Nacho Carbonell, Designer

It’s half past eight on a Wednesday evening, and in the kitchen of the Pastoor Van Ars church, a few miles from Eindhoven’s prestigious Design Academy, a long table has been set with two propane gas burners. Normally, the burners here are used to boil massive amounts of newspaper into pulp bound for the cocoon-like structures of Nacho Carbonell’s Evolution collection. But tonight the Spanish-born designer has hijacked the flames to fry up two huge paellas: chicken and pancetta for the meat-eaters, eggplant and artichokes for the vegetarians. Family meals around here are nothing new; the church is home to Atelierdorp, a loose collective of more than a dozen design studios, each of which takes a turn whipping up daily feasts for lunch or dinner. Tonight, Carbonell is in charge.

“I never follow a recipe, except when I’m cooking paella,” he muses, carefully moving two crisped chicken legs to the perimeter of the pan. He learned the importance of precision in the dish from his grandfather, who spent Sunday afternoons in Valencia tending rice for the family. “He’s an engineer, so it was like dut-dut-dut-dut. The time. The measurements. He doesn’t even know how to fry an egg. But a paella? It’s always perfect.” Knowing when to improvise, however, is something passed down to Carbonell from his grandmother, who made paellas “with feeling — a little here, a little there.”

It’s the latter trait that informs his work, most of which has a loose, gestural feel, from the crudely sketched latex animals of his Pump It Up graduation project — sit on an air-filled chair and the attached critters inflate — to his Tree Chair, a whimsically uncategorizable piece that debuted with Milan’s Rossana Orlandi gallery at Basel in June: Part of the Evolution collection, its slatted back yawns upward into a ladder, which then connects to a cubbyhole-like crawl space (pictured below). Nacho himself admits that his projects have a tendency to go wonderfully off-course. “I have so many things I want to develop, but I don’t know how to start them,” he explains. “When I was working on the Evolution collection, I started out wanting to make a lamp. I’ve done two degrees and I’ve never managed to design a lamp, so I said, ‘Ok, this time I’m going to design a lamp.’ And then at the end it turned out to be a chair.”

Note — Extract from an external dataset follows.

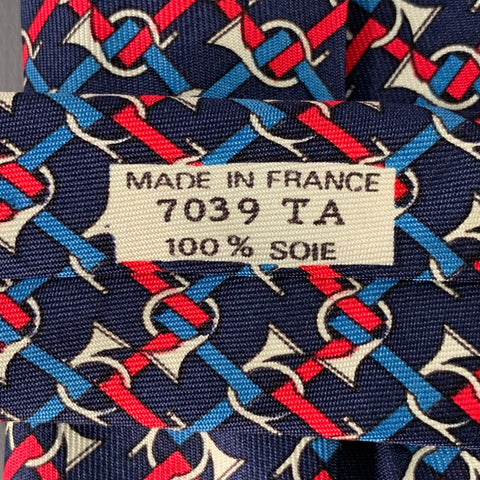 HERMES Navy Red Blue Woven Musical Horns Silk Tie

Mistakes in these pieces, Nacho points out, “are really a pain in the ass.” For the Tree Chair, for example — one of which, during our stay, was being hand-built out in the workshop for Brad and Angelina’s brood — a wire mesh skeleton is covered three times over with papier-mâche. “If something goes wrong with a layer, and then you try to add the same mix the day after, it never works,” Nacho says. “It dries in a different way, so you have to recover the whole piece again.”

Back in the kitchen, wine has been poured, and a blender is whirring, grinding up whole tomatoes and garlic into a sofrito. An army of sous-chefs is at work, snapping off the tough ends of broad beans and cubing chunks of zucchini, while Nacho’s girlfriend Paloma darts in and out, occasionally reminding Nacho of something he’s forgotten — like the saffron. A trip is planned to a nearby apartment to secure the rogue ingredient.

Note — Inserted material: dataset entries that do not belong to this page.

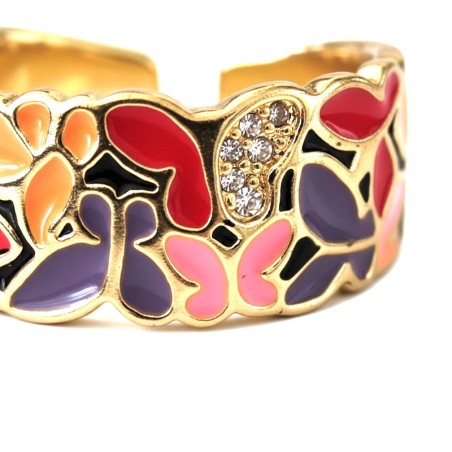 Bague émaillée motifs artistiques multicolores – Design original & zircon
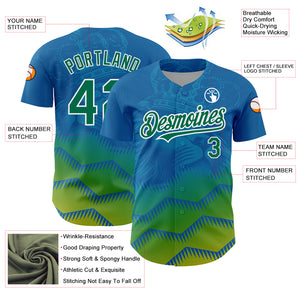 Custom Panther Blue Kelly Green-White 3D Pattern Design Animal Lion Authentic Baseball Jersey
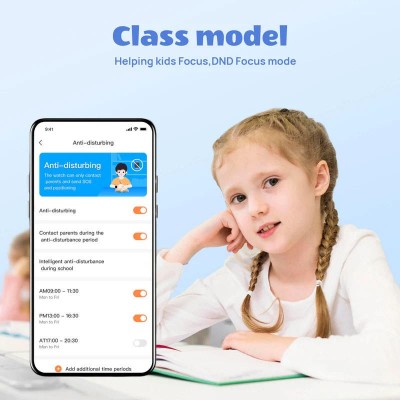 Дитячий годинник-телефон Mibro P6, 1.4", 240x280, GPS, 2MP, 900мА·год, 2АТM, сірий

Nacho explains his paella process: “You need to first cook the chicken, then the other chicken, then the pork, then the vegetables. Everything needs to go in at the right time. You can’t just put everything together. Cooking needs to be done with a lot of love.” He pauses. “It’s the same with my projects.”

Perhaps fearing he’s become a bit too earnest, Nacho stops and thinks again about what exactly it is he likes about being in the kitchen. “When he’s cooking paella,” Nacho says, grinning and slapping the back of one palm into the other for emphasis, “a man feels more like a man.”

Nacho Carbonell’s Valencian Paella

“Fry equal parts chicken, pork, and rabbit in oil. While I fry the meat I like to also fry red peppers cut in long pieces. (When they’re ready, take them out. You’ll place them back on the paella once it’s almost finished.) Once the meat has begun to cook through, push it out to the edge of the paella pan and fry the Italian flat beans in the middle. Then add a bit of sofrito — which is tomato pureed with lots of garlic — and fry the meat and beans all together. Add saffron (or a yellow colorant) that’s been soaked in water, and then add two cups of water for each cup of rice (one coffee cup of rice is for one person, but not an American coffee cup!). When the water starts boiling, add the rice. Don’t forget to salt the water and each of the previous ingredients while you are frying them — this is important! When the water is in I also like to add a bit of chopped garlic. Stir the rice and the other ingredients so you have a uniform base, and then let it boil over a high flame for 10 minutes. Lower the flame for another 10 minutes. With about 5 minutes to go, remember to arrange on top the peppers we cooked in advance. Let the paella rest 10-15 minutes before you start eating it, and then enjoy!”